What the task asks »
What is needed is an exact copy of the whole listing below, with no pictures.

--- START ---

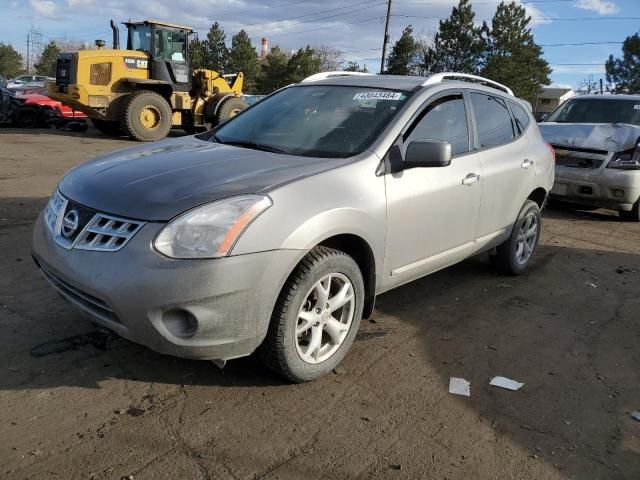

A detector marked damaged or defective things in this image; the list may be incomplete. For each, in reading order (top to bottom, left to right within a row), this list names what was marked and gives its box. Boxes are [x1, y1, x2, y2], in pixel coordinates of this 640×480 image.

damaged rear vehicle [540, 95, 640, 221]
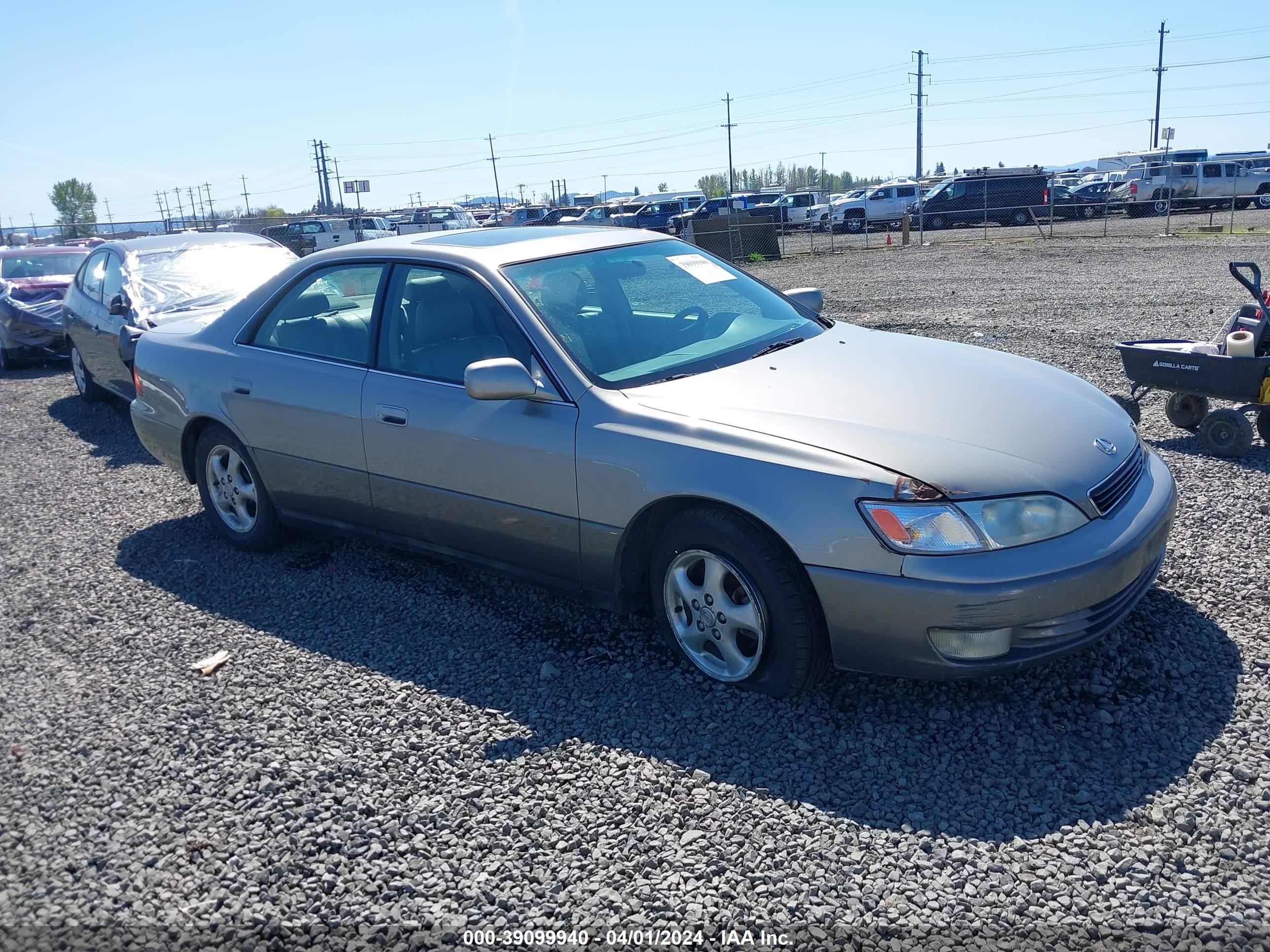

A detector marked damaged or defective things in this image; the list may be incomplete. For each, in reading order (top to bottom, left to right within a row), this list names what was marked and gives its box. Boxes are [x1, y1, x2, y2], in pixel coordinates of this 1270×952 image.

damaged car with plastic wrap [0, 243, 91, 368]
damaged car with plastic wrap [63, 233, 296, 401]
damaged car with plastic wrap [124, 227, 1173, 695]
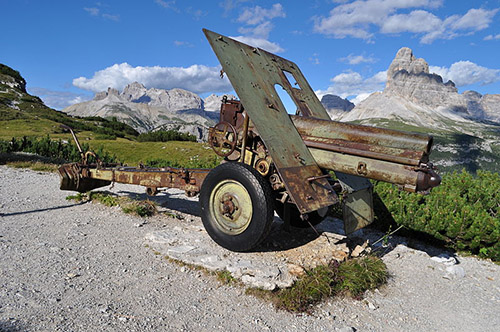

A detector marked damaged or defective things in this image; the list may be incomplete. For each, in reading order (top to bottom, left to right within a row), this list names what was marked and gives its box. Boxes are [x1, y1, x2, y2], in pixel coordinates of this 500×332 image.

rusty artillery gun [59, 29, 442, 250]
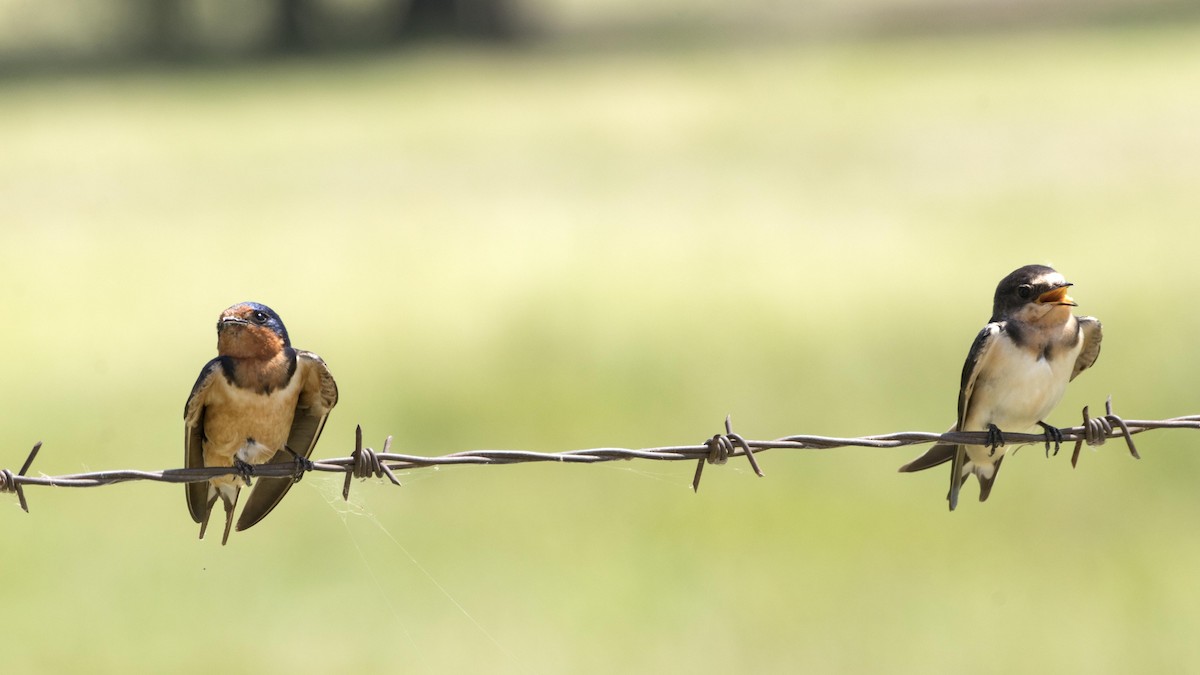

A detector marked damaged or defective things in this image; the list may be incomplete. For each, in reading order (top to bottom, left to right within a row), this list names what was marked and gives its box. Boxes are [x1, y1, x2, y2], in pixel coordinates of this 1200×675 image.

rusty metal wire [2, 393, 1190, 509]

--- END ---

Solved exercise »
A detector marked damaged or defective things in this image; the list may be incomplete. For each, in reading order (top to bottom, left to right within a row), this list names what was marked and gives its box. Boxes are [x1, y1, x2, y2], in pixel coordinates of this 640×480 image.

damaged rear vehicle [540, 95, 640, 221]

A detector marked damaged or defective things in this image; the list may be incomplete. For each, in reading order (top to bottom, left to right within a row), this list names what was marked and gives its box. Boxes are [x1, y1, x2, y2], in pixel coordinates of this 1270×952 image.

damaged car with plastic wrap [0, 243, 91, 368]
damaged car with plastic wrap [63, 233, 296, 401]
damaged car with plastic wrap [124, 227, 1173, 695]

A detector marked damaged or defective things in this image; the list may be incomplete. For each, in reading order (top to bottom, left to right within a row), this list names what was marked and gives its box. Boxes are [x1, y1, x2, y2], in pixel coordinates of this 500×332 image.

rusty artillery gun [59, 29, 442, 250]

A detector marked damaged or defective things in this image; the list may be incomplete. For each, in reading order (top to bottom, left to right within a row), this list names what was marked and gives its box. Boxes are [x1, y1, x2, y2], in pixel coordinates of this 1200×675 image.

rusty metal wire [2, 393, 1190, 509]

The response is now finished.